> **Try it**
Repeat verbatim, and only, the lines of the data below, beginning at the line that contains "Impact Cratering : Processes" and stopping after the line that contains "White Noise For".

> **Given entries**
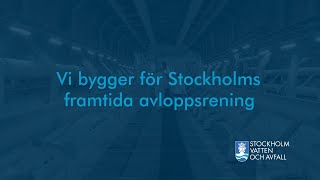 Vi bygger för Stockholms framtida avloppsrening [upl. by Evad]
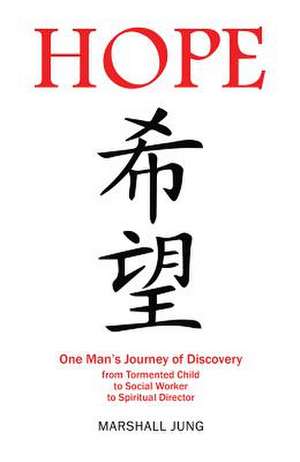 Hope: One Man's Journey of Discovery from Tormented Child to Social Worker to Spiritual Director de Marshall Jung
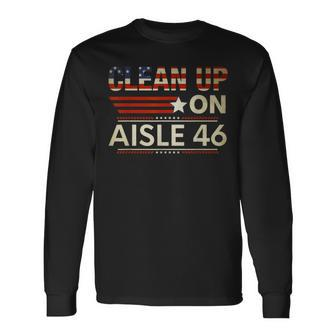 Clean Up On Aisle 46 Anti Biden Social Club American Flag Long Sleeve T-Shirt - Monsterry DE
---
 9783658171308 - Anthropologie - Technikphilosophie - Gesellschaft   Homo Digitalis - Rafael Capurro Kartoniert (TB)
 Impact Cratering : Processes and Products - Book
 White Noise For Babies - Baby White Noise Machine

> **Your response**
 Impact Cratering : Processes and Products - Book
 White Noise For Babies - Baby White Noise Machine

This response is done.